Category Archives: Implementation

Generating SideEffect Classes

There are at least three ways to create a SideEffect class (java file) that can be used as an option:

  1. http://foo.smoslt.com/generating-sideeffect-classes/ – a wizard
  2. same wizard as above, only run on your local box
  3. Copy and paste an existing TemplateSideEffect.java file

Any are OK, but if you are willing to do number 1 above, your work product can be automagically shared with others

more here later

Saturation vs MoreIsBetter Scoring for SideEffects

Imagine two different types of scoring scenarios

  • Hours – number of man-hours it takes to complete a complex software creation schedule
  • ScalesUp – feature of software that makes it scale to near infinite number of users

Both of these are actually Saturation based scoring models, but only theoretically. In practice, there is no hope of ever reducing the number of hours to zero, so really hours is always a MoreIsBetter model – the more efficient the process – in this case the least number of hours, the better.

  • 2863 hours: good
  • 2714 hours: better

But ScalesUp is like most other scoring aspects of creating software. It is a goal which is actually quite attainable in a very finite sense. Once you have built software which can and does deploy to near infinite scale, you are pretty much done with that. It works, and more, in this case is not better. You can’t improve much on perfection. This is the Saturation model, and that model can be easily represented as a 1-100 score, where 100 is the highest score.

  • score of 0 – 0% complete
  • score of 70 – 70% complete
  • score of 99 – 99% complete

We can conclude then that each of these fits the opposite scoring model

  • Hours: MoreIsBetter model
  • ScalesUp: Saturation model

Scoring the Saturation Model

This is something that is not obvious until you start the process of scoring for Saturation in a specific score. It takes a different kind of thinking to score against a Saturation model when there are a number of different options that each contribute to a score.

Arbitrary Subtotals

When scoring for saturation, you know that the score can never exceed 100, but you also know that many different activities may be required to meet that goal. This might spread across several options, or in the case of Smoslt: SideEffects as Options

Let’s take an oversimplified example of scalesUp score:

  • Scalable Software: software written to operate across as many machines as required
  • Cloud Provider: relationship with a vendor to provide as many machines as required
  • DevOps: deployment written to recognize and react to increased need

You can’t get to 100 without each of these aspects being complete, so really you have to be able to score each separately. The percentage of score allocated to each is arbitrary, that they should total to 100% is not arbitrary – it is a given.
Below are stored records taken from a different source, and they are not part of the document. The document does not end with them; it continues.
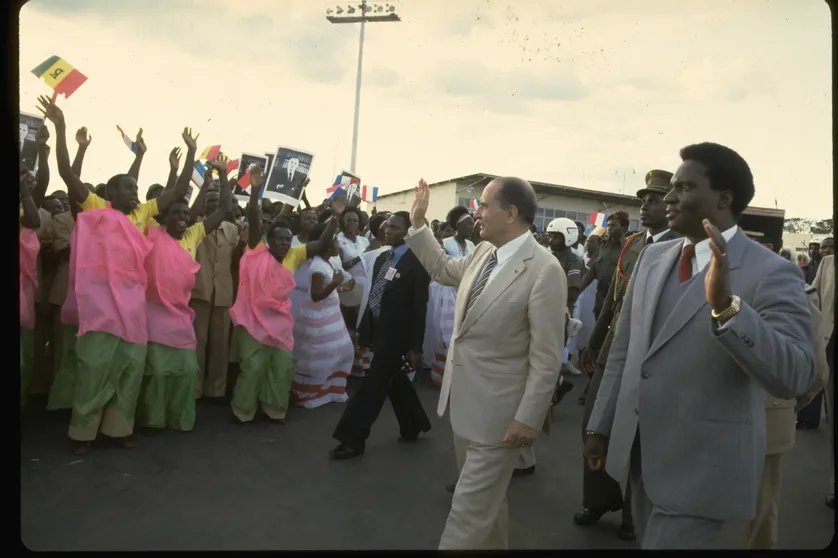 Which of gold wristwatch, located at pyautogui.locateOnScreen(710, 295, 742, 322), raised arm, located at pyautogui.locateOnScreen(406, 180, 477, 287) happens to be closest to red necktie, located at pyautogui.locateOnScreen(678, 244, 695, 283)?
gold wristwatch, located at pyautogui.locateOnScreen(710, 295, 742, 322)

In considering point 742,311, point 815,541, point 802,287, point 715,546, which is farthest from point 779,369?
point 815,541

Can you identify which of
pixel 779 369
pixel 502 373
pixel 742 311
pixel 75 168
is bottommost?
pixel 502 373

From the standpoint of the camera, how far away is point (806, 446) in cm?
→ 674

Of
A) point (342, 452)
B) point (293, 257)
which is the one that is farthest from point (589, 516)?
point (293, 257)

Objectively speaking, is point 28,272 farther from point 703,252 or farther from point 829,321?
point 829,321

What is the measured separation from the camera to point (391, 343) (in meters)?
5.64

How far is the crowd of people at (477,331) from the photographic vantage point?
236cm

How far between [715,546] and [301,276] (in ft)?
20.1

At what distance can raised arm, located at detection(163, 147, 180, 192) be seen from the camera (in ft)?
19.4

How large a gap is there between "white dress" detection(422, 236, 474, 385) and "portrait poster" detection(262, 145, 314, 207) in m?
2.01

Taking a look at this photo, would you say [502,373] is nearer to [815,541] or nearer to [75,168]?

  • Scalable Software option: 25%
  • Cloud Provider option: 17%
  • DevOps option: 68%

Only now can you begin the process of scoring. For each of the above 3 options, you have the tasks of separately scoring completion against their respective target.

Saturation Based Scoring Within a SideEffect

To explore what it means to score a specific option that affects a saturation score, let’s look at the simpler option of Cloud Provider above. Note first, that this option may affect several different score types, including all of these below, most of which are saturation based scoring models.

  • Saturation
    • ScalesUp
    • ScalesDown
    • Durability
    • ManagerSpeak
    • FeedbackSpeed
  • MoreIsBetter
    • Hours
    • POLR
    • LongTerm

This breakdown may or may not be representative of what really belongs in Saturation based scoring, but let’s take one that is pretty clear – ScalesUp. This is because an app either scales up properly or it doesn’t. It can easily be measured and tested, and it is pretty obvious when it fails.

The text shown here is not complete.